1.10.2013 06:45
Quelle: schweizerbauer.ch - AgE
Polen
Polen: Agrarlandpreise kräftig gestiegen
In Polen sind die Preise für landwirtschaftliche Nutzflächen im bisherigen Jahresverlauf sprunghaft angestiegen. Wie die Zeitung Rzeczpospolita berichtete, wurden für einen Hektar auf dem freien Markt im zweiten Quartal 2013 im Schnitt umgerechnet 6'190 Euro (7'610 Fr.) gezahlt, 27% mehr als ein Jahr zuvor.

Bei Privatisierungen durch die staatliche Agentur für Landwirtschafts-Immobilien (ANR) stieg der Kaufwert im Mittel um 15% auf 5'071 Euro/ha (6'240 Fr./ha). Am gefragtesten seien hierbei große Flächen in der Nähe von landwirtschaftlichen Betrieben gewesen. So hätten laut ANR-Angaben Grundstücke mit 100 ha bis 300 ha im Berichtsquartal bei Versteigerungen im Schnitt 5'452 Euro pro Hektar (6'680 Fr.) erlöst.

Trend soll anhalten

Die Landwirte hätten ihre Betriebe in den vergangenen Jahren modernisiert und hierdurch die Ressourcen ihrer bisher verfügbaren Flächen ausgeschöpft, erklärte Dariusz Macinski, Geschäftsführer der Firma Agrim, die einen auf Agrarimmobilien spezialisierten Investmentfonds betreibt.

Die einzige Möglichkeit, den Umsatz zu steigern, sei jetzt für die Bauern die Ausweitung ihrer Fläche, so Macinski. Deshalb übersteige die Nachfrage das Angebot, und dieser Trend werde sich fortsetzen.

EU-Flächenprämie steigt

Für eine weitere Verteuerung der landwirtschaftlichen Böden in Polen sprechen nach Darstellung von Agrarexperten auch die für das Land höheren EU-Flächenprämien im künftigen Finanzrahmen 2014 bis 2020. Der Warschauer Regierung zufolge werden 2014 pro Hektar voraussichtlich 217 Euro (270 Fr.) an EU-Direktbeihilfen gezahlt. Dieser Betrag dürfte noch um Mittel aus der Zweiten Säule aufgestockt werden. Zuletzt belief sich die Hektarprämie in Polen auf 190 Euro/ha (240 Fr.).

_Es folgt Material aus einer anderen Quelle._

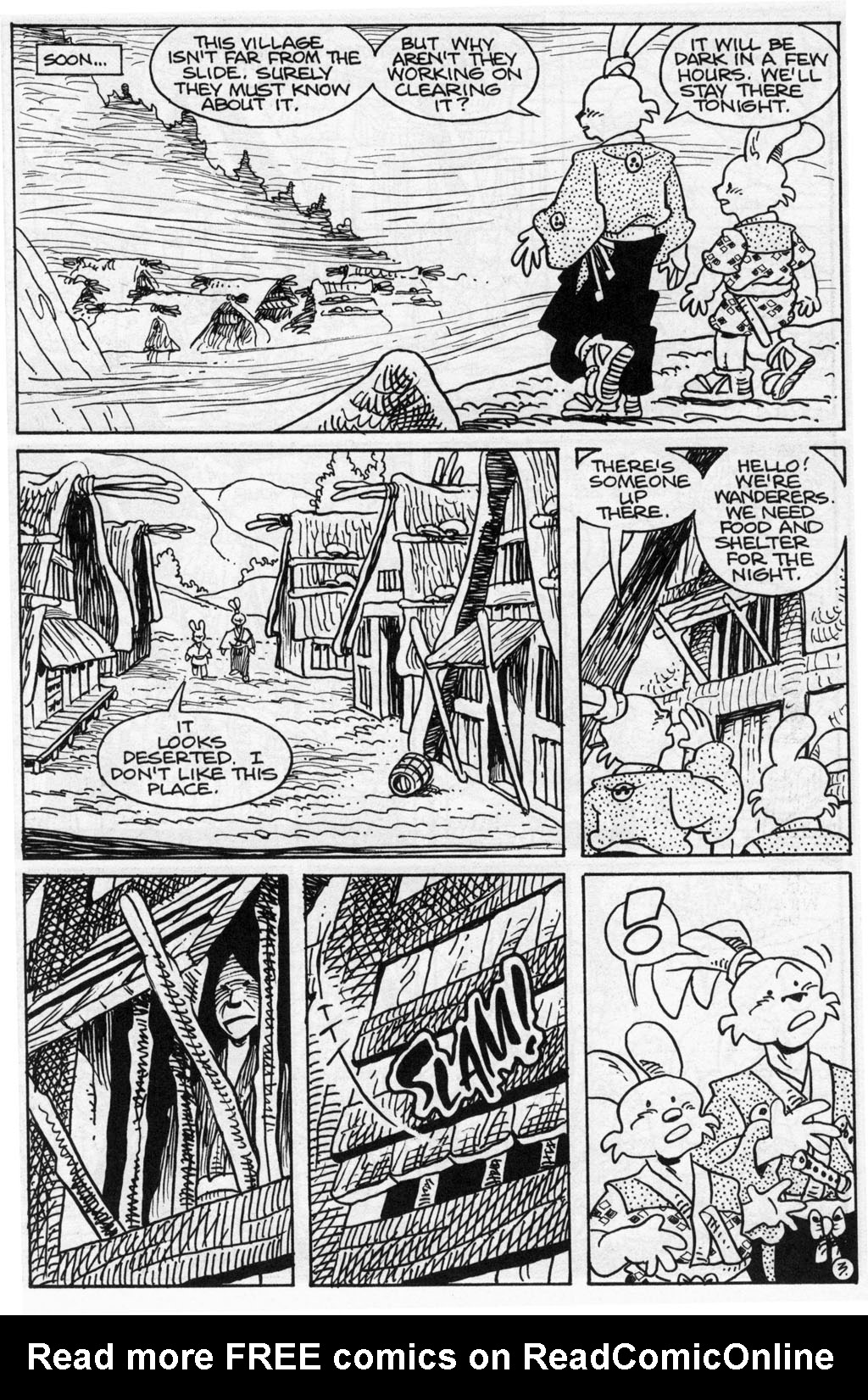 Usagi Yojimbo (1996) Issue #72 #72 - English 5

Grundstücke in Polen sind aber auch für Spekulanten interessant, denn von Mai 2016 an können auch Ausländer landwirtschaftliche Flächen ohne Sondergenehmigung erwerben. Polen wurde bei dessen EU-Beitritt im Jahr 2004 eine zwölfjährige Übergangsfrist eingeräumt. Nach der Liberalisierung des Bodenmarktes dürfte die Nachfrage weiter steigen, am stärksten nach Ansicht von Fachleuten für Flächen in Westpolen, und zwar in den Regierungsbezirken Westpommern, Lebus und Ermland-Masuren.

Im Bezirk Grosspolen mit der Hauptstadt Pommern hätten sich die Bodenpreise schon stark denen im östlichen Deutschland angenähert.